- _TASK OBJECTIVE_
If pictures are present, leave them out, and copy the data word for word.

- _GIVEN MATERIAL_
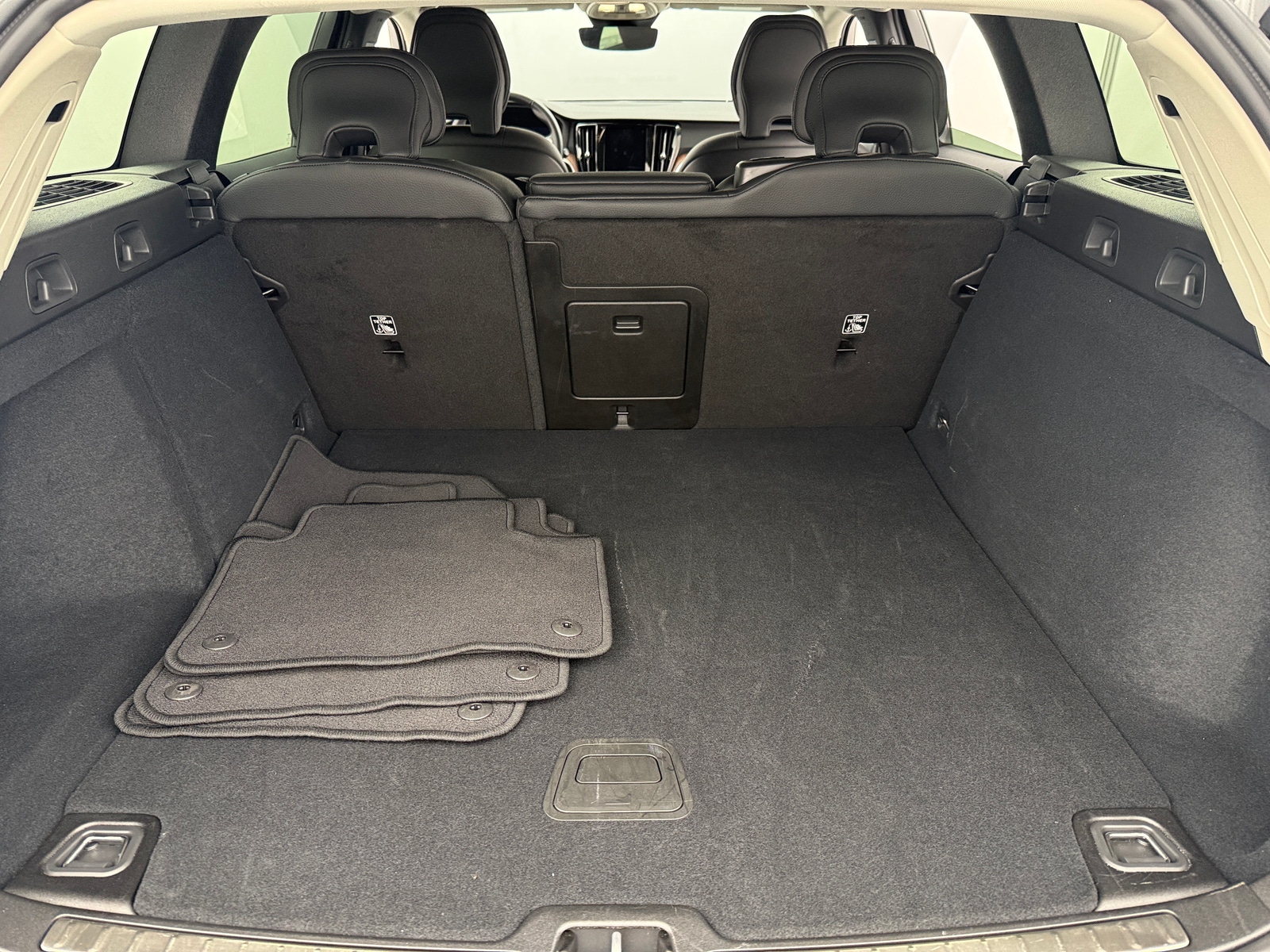 Thumbnail: 2025 Volvo V60 - 6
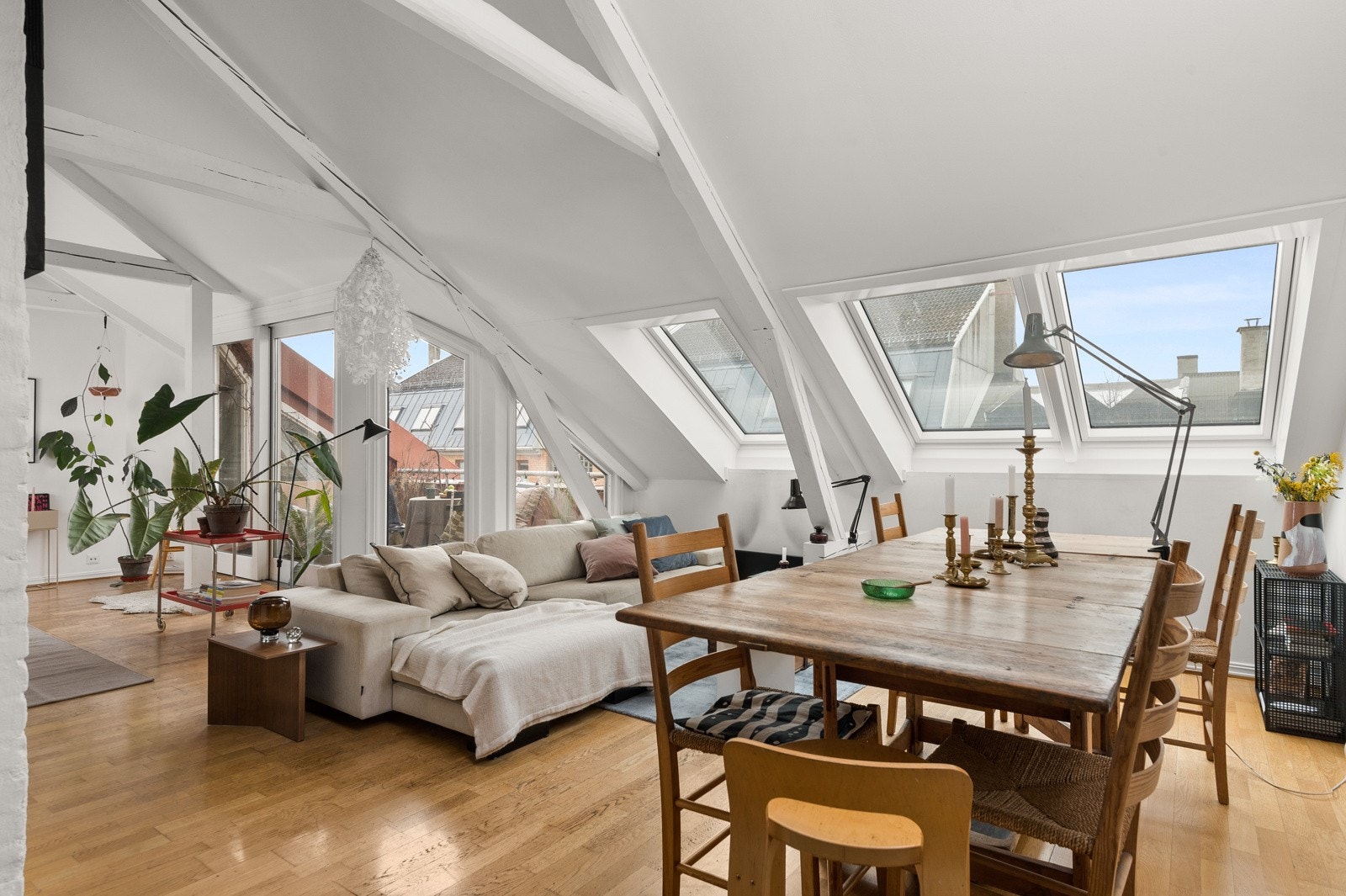 - Takvinduene er nye fra 2022 og har utvendig solskjerming - Galleribilde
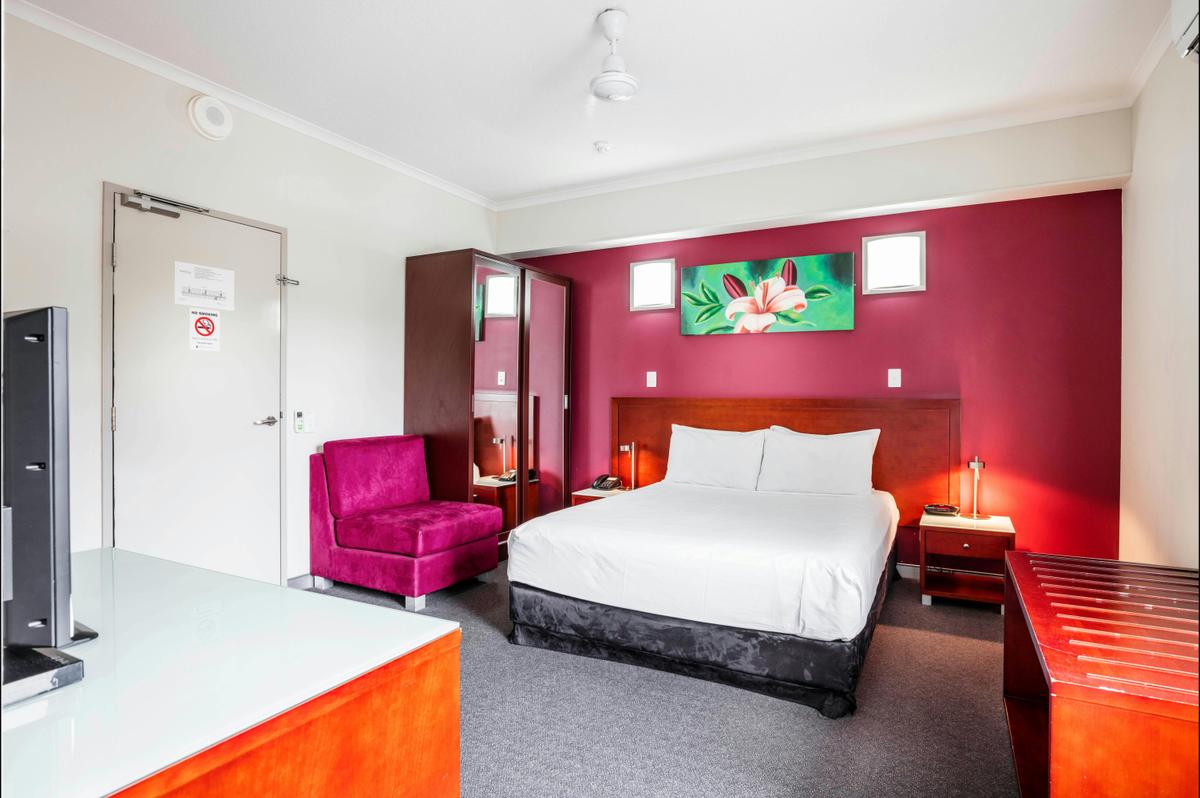 Standard Queen Room - Novotel Darwin Airport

- _SOLUTION_
 Thumbnail: 2025 Volvo V60 - 6
 - Takvinduene er nye fra 2022 og har utvendig solskjerming - Galleribilde
 Standard Queen Room - Novotel Darwin Airport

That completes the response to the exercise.